When I asked about printing from Notes, Andrew continued, "I very rarely want to print from Notes. If I do, then I am quite capable of exporting or copying/pasting. This might be a stopper for non-technical users, though." And I'd agree with that point. Andrew also pointed out, "The other thing that may be a problem with Notes under Wine is Cadenza (at http://www.commontime.com) and other PDA-synchronization tools. The synchronization for my Zaurus (at http://www.notessync.com) can't see the PDA, but I haven't tried very hard yet!"

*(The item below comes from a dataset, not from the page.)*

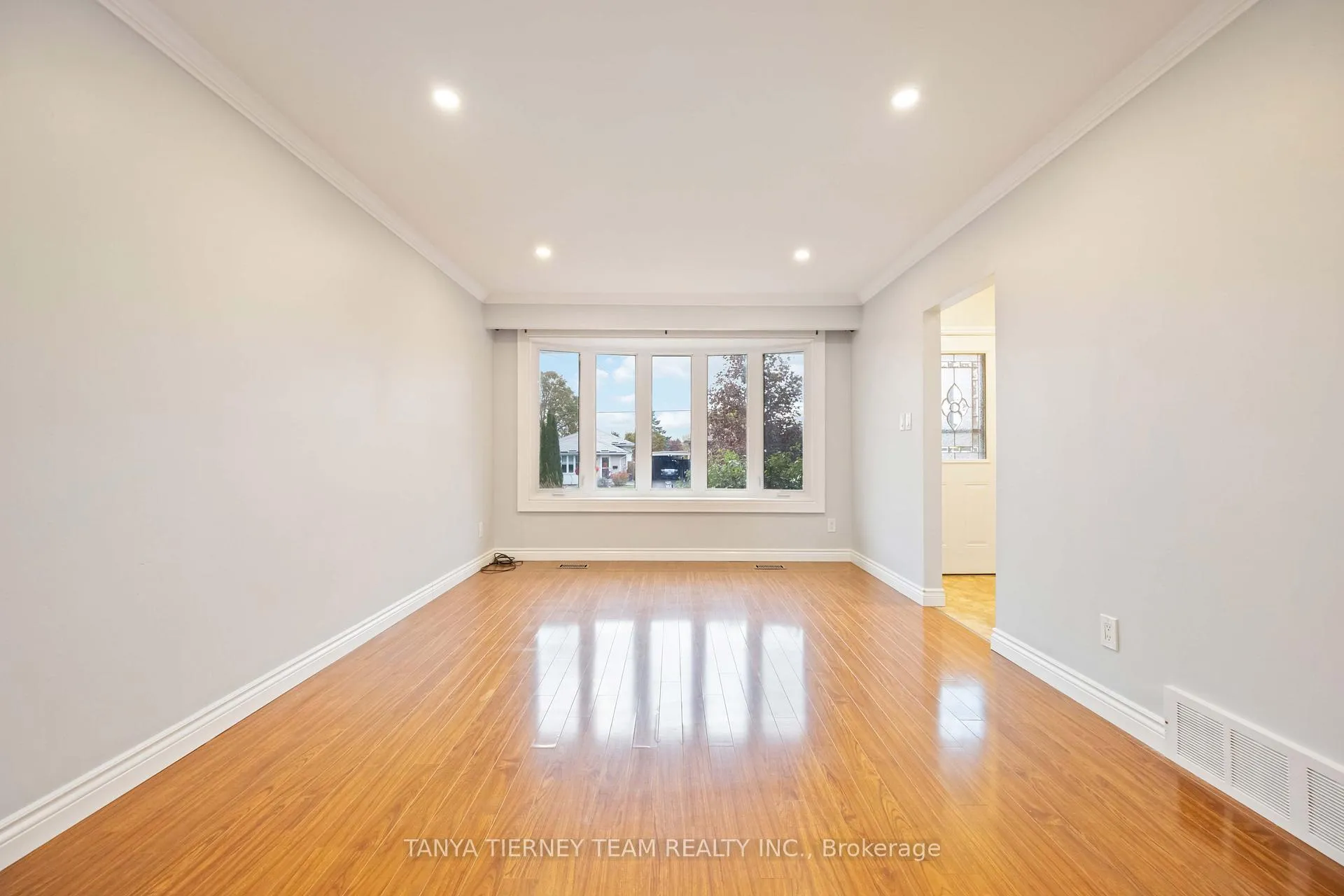 Photo 7 of 117 Keewatin Street S, Oshawa, Donevan — HOMEH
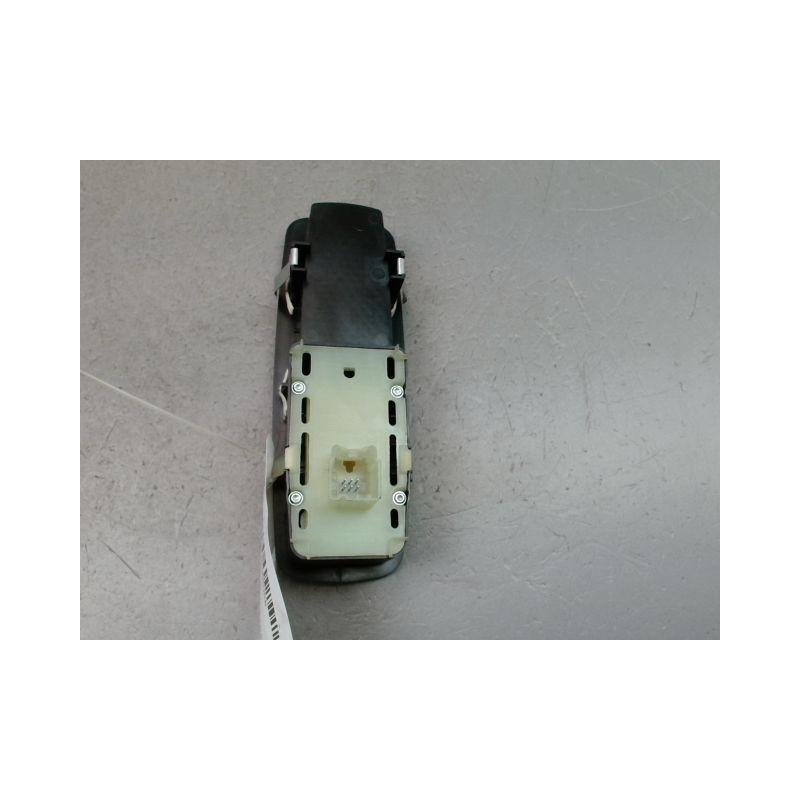 COMMANDE LEVE-GLACE PORTE AVD JEEP G.CHEROKE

Lotus thinks that Wine has its place, too. In Domino for Linux Technical resources, at http://www.lotus.com/developers/itcentralnew.nsf/allpublic/2D96D32F0ED19D26852569DD0067B3D0?opendocument they give detailed instructions for setting up the Notes R5 client to run in Wine. There's another set of hints at http://www.developer.ibm.com/tech/faq/individual/0,,2:25424,00.html. So, not withstanding the stance discussed in point two above, Lotus recognizes that there's some market need to run the Notes client on a Linux machine. So they are, in some small way, hedging their bets. Reportedly Notes 6 also runs under Wine, if you can get it installed. The installer won't run, so you have to copy a working Windows installation to Linux and hope.
How good are these arguments? Well I can't argue with the first point. A port of the UI pieces of Linux will be hard. Only Lotus knows exactly how hard, because only Lotus knows the Notes source code. And they have done the NOS (Notes Object Services) port already, so I think we can defer to them on just how hard it is. Eighteen months seems a reasonable timeframe to do the work, including all the testing, packaging, and moving the port into the then-current code stream for release and support.
As for browsers on Linux, this isn't a bad argument either, on the surface. Domino developers have known for a long time that you have to be browser version aware, and you have to write code for IE (Internet Explorer) and Netscape separately. IE is now by far the most dominant browser; I've seen 98% penetration quoted as a figure. Any browser on a competing platform to Windows has to be IE-compatible to quite a high degree. Otherwise it just isn't going to be widely used, and Netscape 7 is closer to IE than earlier versions.